This project based at Durham University was funded as a 10-month mini-project within the large-scale research project Transforming Musicology, funded under the AHRC’s Digital Transformations scheme, seeking to explore the transformation of musicology through the application of software tools such as those emerging from research in Music Information Retrieval.
Electronic music has a rich history over many decades, most intensively since the Second World War, with manifestations in art music and popular music spheres, and much experimental work in-between. The strong heritage of electronic music has been an increasing target of analysts.
MIR tools offer the possibility to expand this endeavour to a larger database of historical recorded works, tracking audible key trends in compositional and technological endeavour, with an empirical methodology. Ironically, despite the machine-mediated creation of electronic music, automated analysis techniques have not previously been employed to any great degree.
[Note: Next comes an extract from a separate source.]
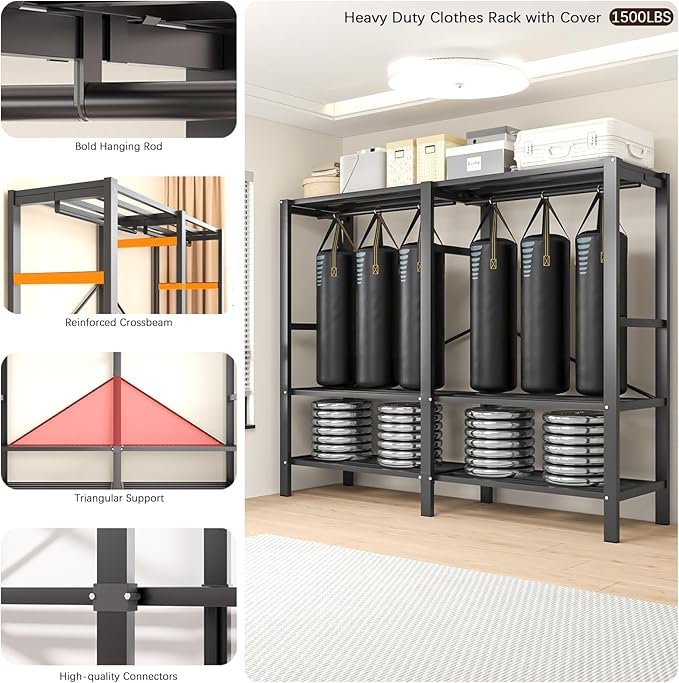 Foldable Portable Armoire Wardrobe Closet for Hanging Clothes Rack, Heavy Duty Covered Clothes Rack with Cover(HARDBOARD Magnetic), Closet Garment Rack for Bedroom Storage (KT Off-white, 49.21in)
Admittedly, although inexhaustible and objective, machine audio analysis has certain limitations compared to the golden standard of human listening.
The project team compiled a larger corpus of historical works, aiming for clear coverage of important works in electronic music history, with a balanced approach to experimental art music, and popular music works. The dual aims were for deeper musicological insight and theory construction on the one hand, but also to provide a core resource for future electronic music scholarship; the set of audio feature data has been released with an accompanying article in the new Transactions of ISMIR journal.
As part of the project, we’ve given a number of presentations, in Oxford to the enclosing transforming musicology project, in Leicester and Durham for research seminars, and in Huddersfield to a complementary project called TaCEM (www.hud.ac.uk/research/researchcentres/tacem/). During talks with researchers on that project, we discovered through machine analysis a tripartite structure in Trevor Wishart’s Imago (2002) that leapt out of a similarity matrix plot, illustrating that the machine analysis route can provide results of interest to human analysts deeply immersed in specific works.
Collins, N., Manning, P. & Tarsitani, S., (2018). A New Curated Corpus of Historical Electronic Music: Collation, Data and Research Findings. Transactions of the International Society for Music Information Retrieval. 1(1), pp.34–43.